AmeriCorps “Make a Difference” Award — Erin Moody
Erin Moody is currently completing her second term of service as an AmeriCorps member with Communities In Schools of Central Texas, a dropout prevention program. During her service term, Erin has carried a caseload of more than forty 6th through 8th grade students at Lockhart Junior High School with whom she meets individually for at least one hour per week. Last year, one hundred percent of Erin’s students improved in academics and behavior, ninety percent passed all four of their core classes, and one hundred percent were promoted to the next grade level – making Erin the only AmeriCorps member to have these results with such a large caseload of students. Erin has also facilitated numerous student-led projects on campus during her service. Erin has gone above and beyond to build relationships and initiate strategies that encourage and empower the youth at Lockhart Junior High so that they have the best opportunity to reach their full potential as well-educated, engaged young citizens.
AmeriCorps VISTA “Make a Difference” Award — Shelby Thomas
Shelby Thomas is an AmeriCorps VISTA serving in the Disaster Relief and Recovery Division of the Alliance of Community Assistance Ministries, a member of the Greater Houston Storm Recovery Network and the Texas Gulf Coast VOAD. Houston was impacted by four major storms from 2015 to 2016, and Shelby’s work as a VISTA was invaluable to recovery efforts. One of the greatest challenges in times of disaster is communication across the many volunteer organizations involved in response and recovery. Seeing this, Shelby implemented systems and processes to address this challenge. Not only were Shelby’s efforts a success, but they are already being replicated by associated ministries, and will remain in place even after her service is completed. This will ensure that Shelby’s significant contributions during her time as a VISTA will have a lasting impact.

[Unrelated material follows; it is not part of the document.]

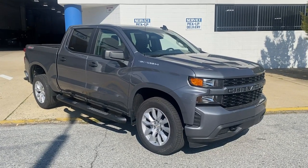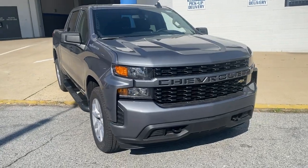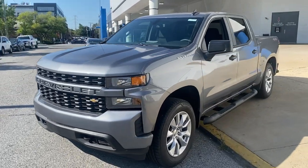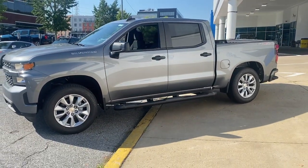Picture yourself in the 2021 Chevrolet Silverado 1500. Stay connected on the worksite in the full-size Silverado 1500 pickup. Its smooth, agile ride keeps you comfortable, while its rugged strength gets the job done.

Senior Corps “Make a Difference” Award — Arlen and Mary ’Beth Lohse
For over 30 years, Arlen and Mary ’Beth Lohse have been volunteering as drivers with Meals for the Elderly in San Angelo. In 2004, upon their retirement, the Lohses started volunteering full time through West Texas RSVP, a Senior Corps Program. They deliver meals on at least seven routes within a 5-day work week, though they often go beyond that by serving as substitute or emergency drivers. But they Lohses don’t just deliver meals – Mary ’Beth is known as the “napkin lady” for always providing a seasonally inspired napkin with the meals, and they also provide clients with special packages of cookies on milk delivery days, bologna on bread days, and lollipops – including sugar-free lollipops for diabetic clients. Many in the San Angelo community say there is no one who does more for the Meals for the Elderly program or the clients served than Arlen and Mary ’Beth Lohse.